[Collected data entries]
====================
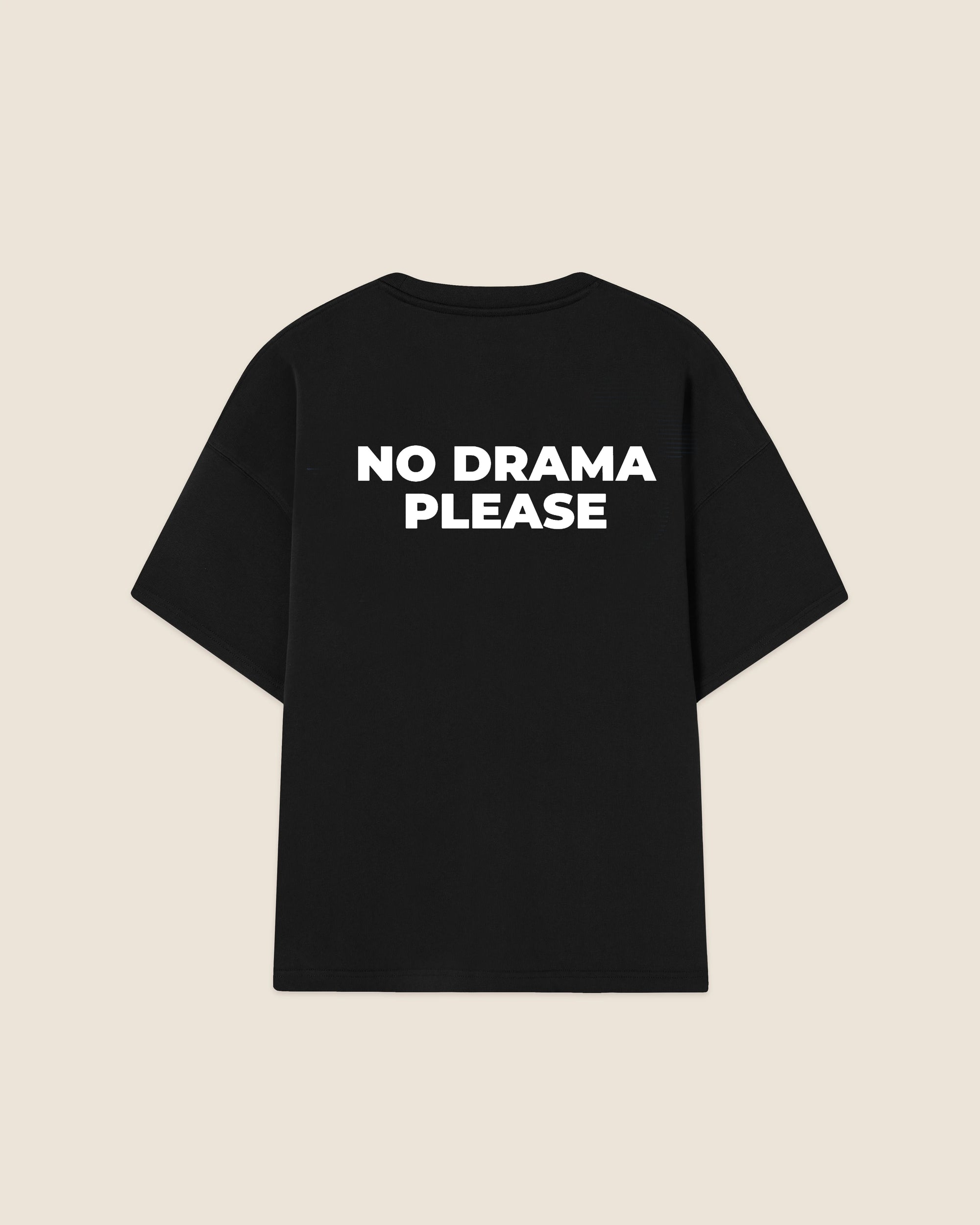 Hypebeast T-shirt black no drama please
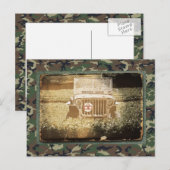 Militair voertuig briefkaart (Voorkant / Achterkant)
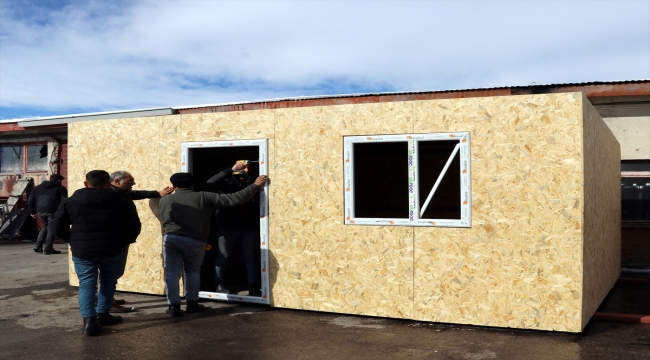 Erzurum'un Aziziye Belediyesi deprem bölgesinde prefabrik evlerden mahalle kuracak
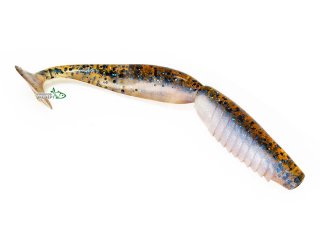 Силікон Megabass Super Spindle Worm 4,0" Alabama Shad 6шт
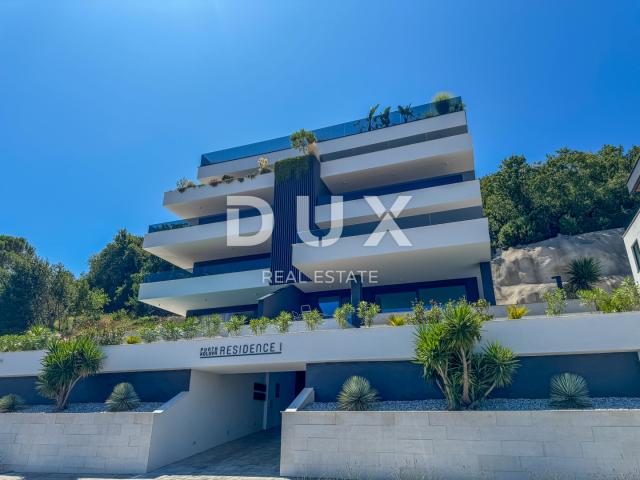 OPATIJA, CENTAR - Veći stan u vrhunskoj novogradnji s garažom i panoramskim pogledom na more, TOP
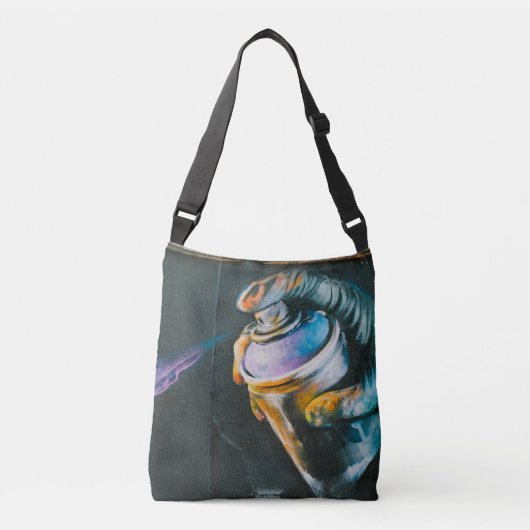 Spray kan graffiti kunstmuurschildering crossbody tas (Voorkant)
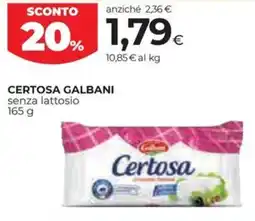 Coop Certosa GALBANI offerta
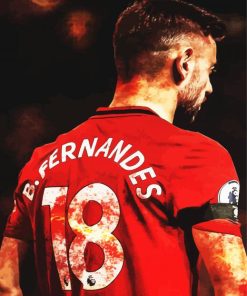 Bruno Fernandes Football Player paint by numbers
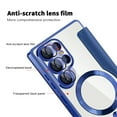 thumbnail image 6 of Feishell Flip Case for Samsung Galaxy S25 Ultra with Camera Lens Protect Film,Magnetic Closure PU Leather Folio Case with RFID Blocking Card Slots Luxury Plating Transparent Phone Cover,Darkblue, 6 of 7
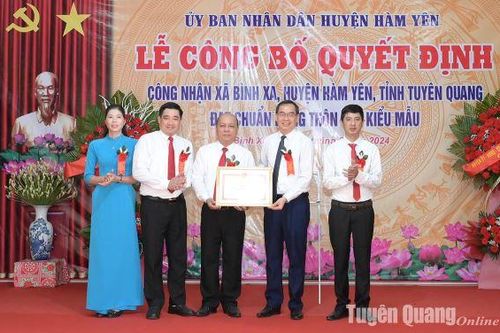 Xã Bình Xa đạt chuẩn nông thôn mới kiểu mẫu về giáo dục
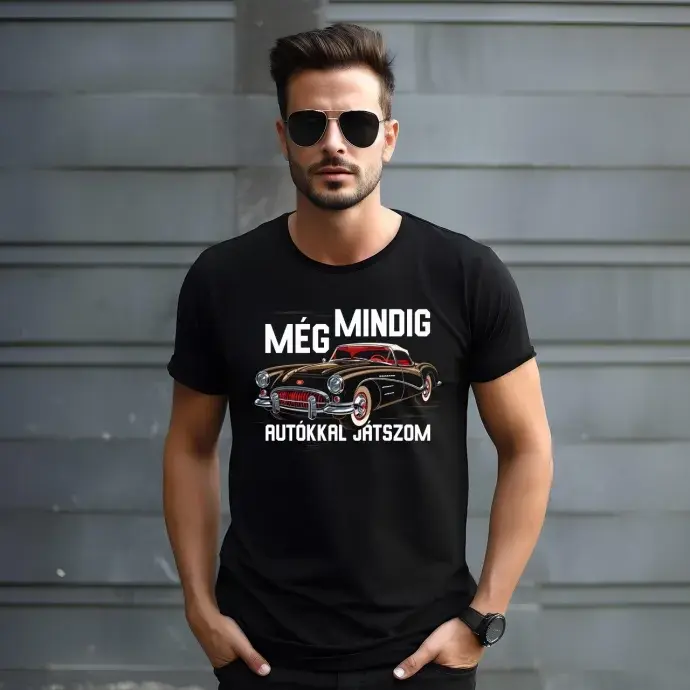 Póló - Mindig autókkal játszok Póló - Mindig autókkal játszok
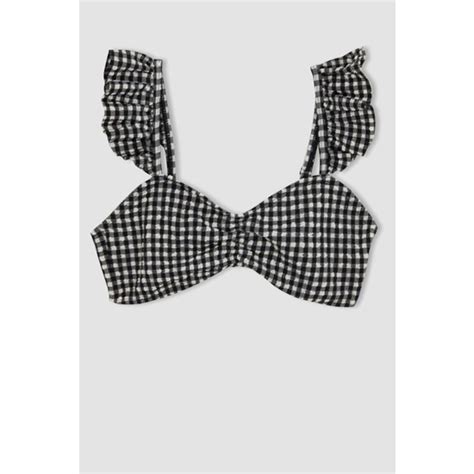 DeFacto Kız Çocuk Kareli Bikini Takımı Z A HS Fiyatı
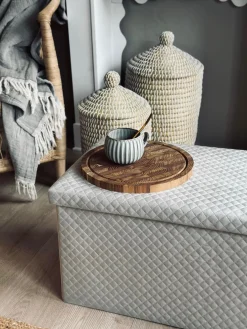 Bænk med opbevaring og siddepude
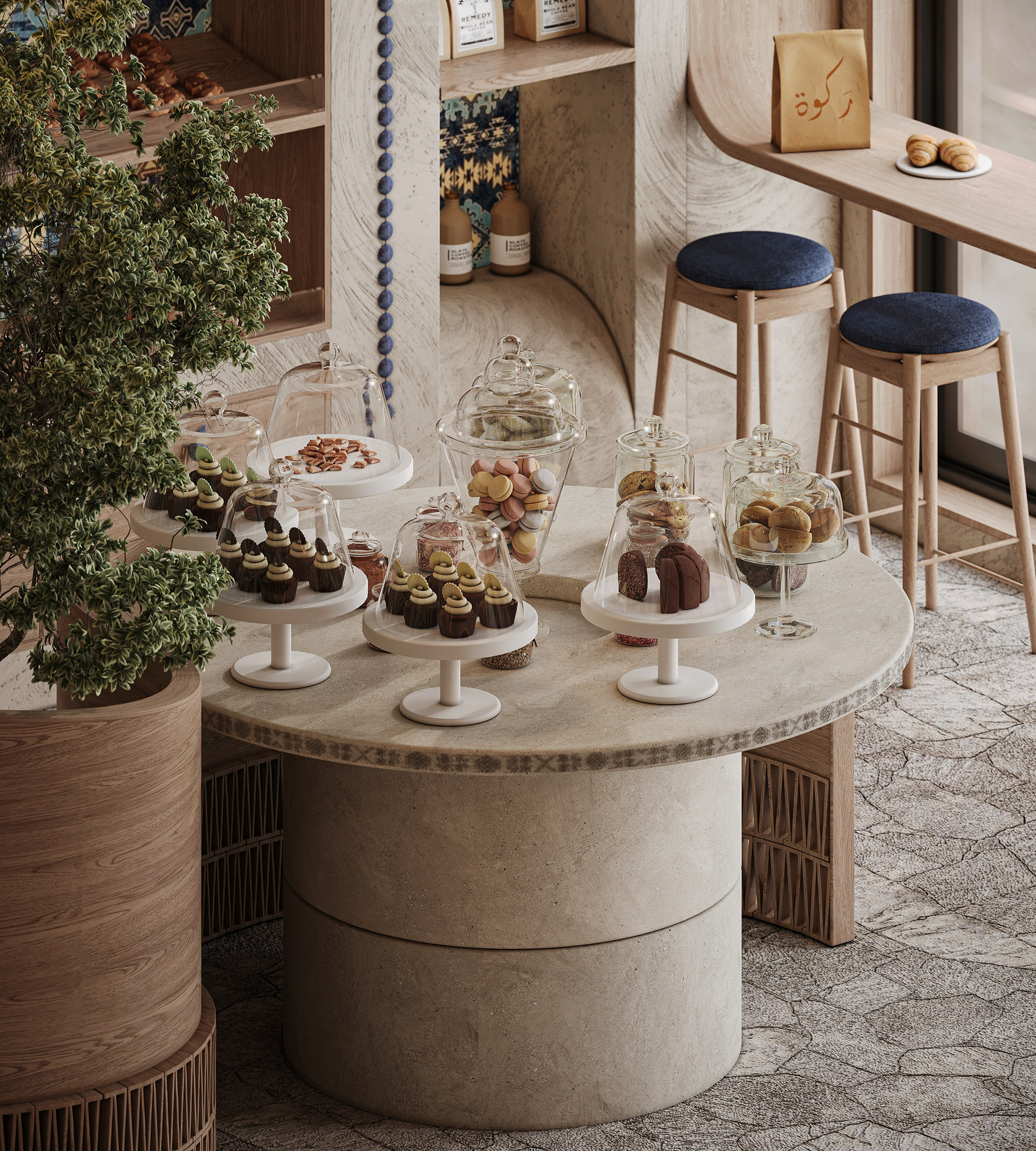 拉克瓦咖啡馆丨沙特阿拉伯丨Bloom Studio-19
====================
What to produce
The data must be reproduced exactly, and no picture may appear in the copy.

Your solution
 Hypebeast T-shirt black no drama please
 Militair voertuig briefkaart (Voorkant / Achterkant)
 Erzurum'un Aziziye Belediyesi deprem bölgesinde prefabrik evlerden mahalle kuracak
 Силікон Megabass Super Spindle Worm 4,0" Alabama Shad 6шт
 OPATIJA, CENTAR - Veći stan u vrhunskoj novogradnji s garažom i panoramskim pogledom na more, TOP
 Spray kan graffiti kunstmuurschildering crossbody tas (Voorkant)
 Coop Certosa GALBANI offerta
 Bruno Fernandes Football Player paint by numbers
 thumbnail image 6 of Feishell Flip Case for Samsung Galaxy S25 Ultra with Camera Lens Protect Film,Magnetic Closure PU Leather Folio Case with RFID Blocking Card Slots Luxury Plating Transparent Phone Cover,Darkblue, 6 of 7
 Xã Bình Xa đạt chuẩn nông thôn mới kiểu mẫu về giáo dục
 Póló - Mindig autókkal játszok Póló - Mindig autókkal játszok
 DeFacto Kız Çocuk Kareli Bikini Takımı Z A HS Fiyatı
 Bænk med opbevaring og siddepude
 拉克瓦咖啡馆丨沙特阿拉伯丨Bloom Studio-19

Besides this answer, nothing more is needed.